Henry Lowenstein: We had—in the meantime, I had been accepted for a transport to France. And I must confess that I wasn’t wild about going to France, but I would have—anything was better than staying in Germany. And that was a child’s reaction because I didn’t like French as a language. Didn’t speak French very well and never seemed to get it through my head what that was all about. But anyway, the—just as the plans were being made to go to France I became ill and was not able to go. And—which was probably, ultimately, one of the best things that ever happened to me because all the people that were sent to France were all killed, eventually when the Germans conquered France, all these people were taken away and never to be heard of again. So we got word from London that I was accepted, that this committee had agreed to sponsor me to go to England. And then we had to go and get paperwork done.

"I must confess that I wasn’t wild about going to France, but I would have—anything was better than staying in Germany."

USC Shoah Foundation Visual History Archive, Interview 11470

Letter announcing Heinrich Loewenstein's place on the Kindertransport, May 25, 1939

Courtesy of Beck Archives, University Libraries, University of Denver

Henry is thirteen years old as he prepares to leave his family behind in Berlin, uncertain when they will see each other again. He is old enough to appreciate the gravity and the necessity of the situation. The pictures below are of the family during Henry’s last weeks in Berlin.

Transcript

Henry Lowenstein: But I mean the only thing—at that point, the only thing anybody thought about was, "How can we get out?" And I mean, of course it was a terrible thing to leave one’s parents and to leave one’s relatives, but it also became a question of survival. And the parents realized that the only way they could save their children was to get them out. So there was not a question of saying, "We have to stick together," because you knew if you stuck together the chances were you were all doomed.

[Interviewer] Did you have plans that maybe if they got out how you would meet or anything like that?

[Henry Lowenstein] No. We didn’t talk about that at all, because we absolutely, simply didn’t know. I mean the hope was to simply stay in touch and to find a way, you know.
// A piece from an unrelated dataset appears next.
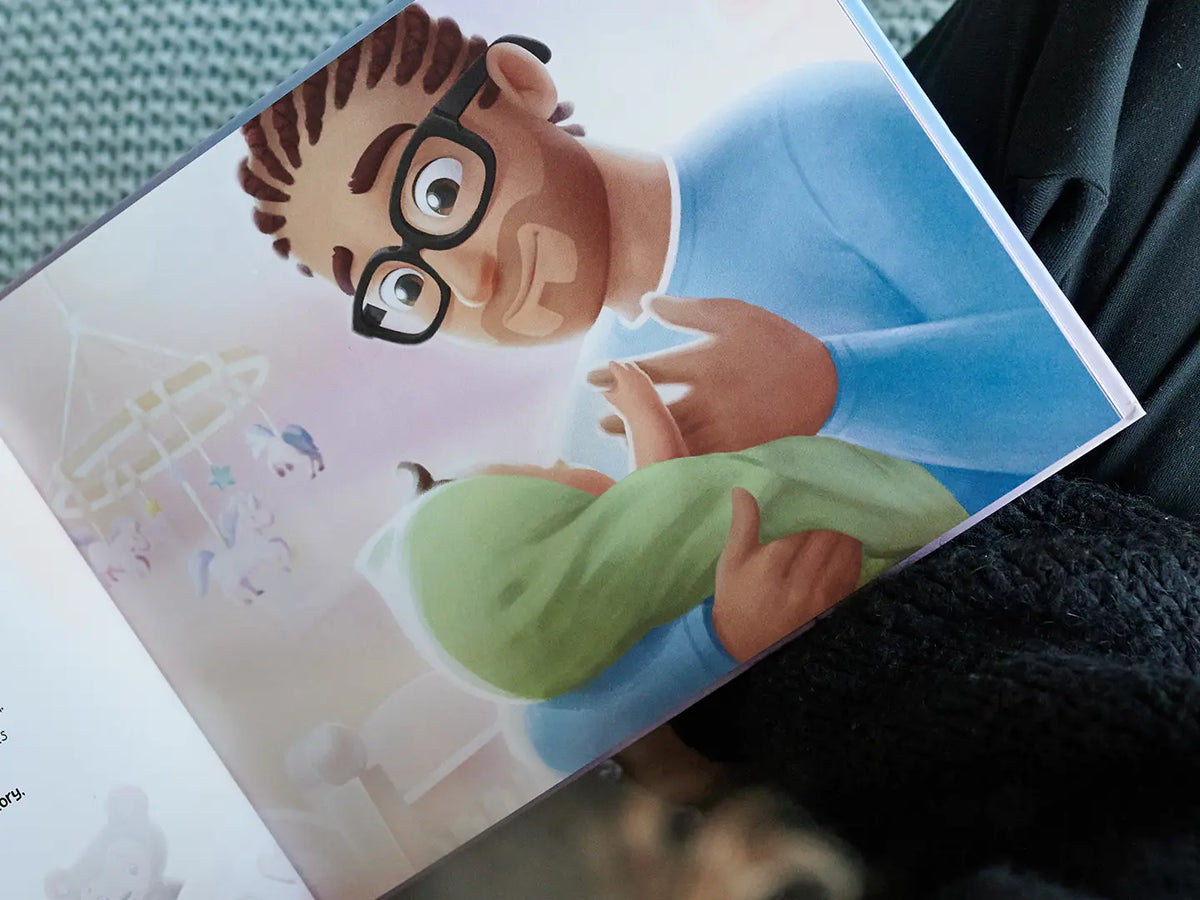 Sweet illustration of dad holding his bundle of joy from our custom book for dad and kids.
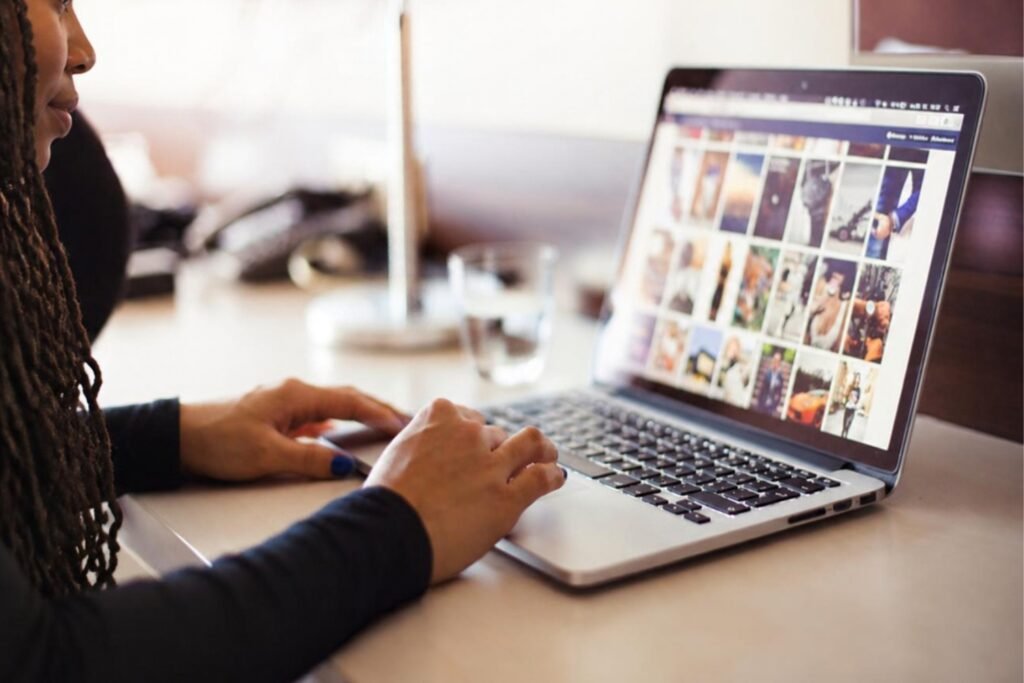 Creator reviewing a collection of visual content on a laptop for new Pinterest ideas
I mean after all, my mother had experienced—she had fled from the Bolsheviks to Germany. My father had been all through four years of the [First World] War, as a doctor, but still in all on the front lines. It was—you know we had grown up knowing that life could be very difficult. So all we could really look forward to was hope—finding a way for each of us to survive, and then finding a way of getting back together. But um, at the time, it was strictly a day-to-day survival thing.

"So there was not a question of saying, 'We have to stick together,' because you knew if you stuck together the chances were you were all doomed."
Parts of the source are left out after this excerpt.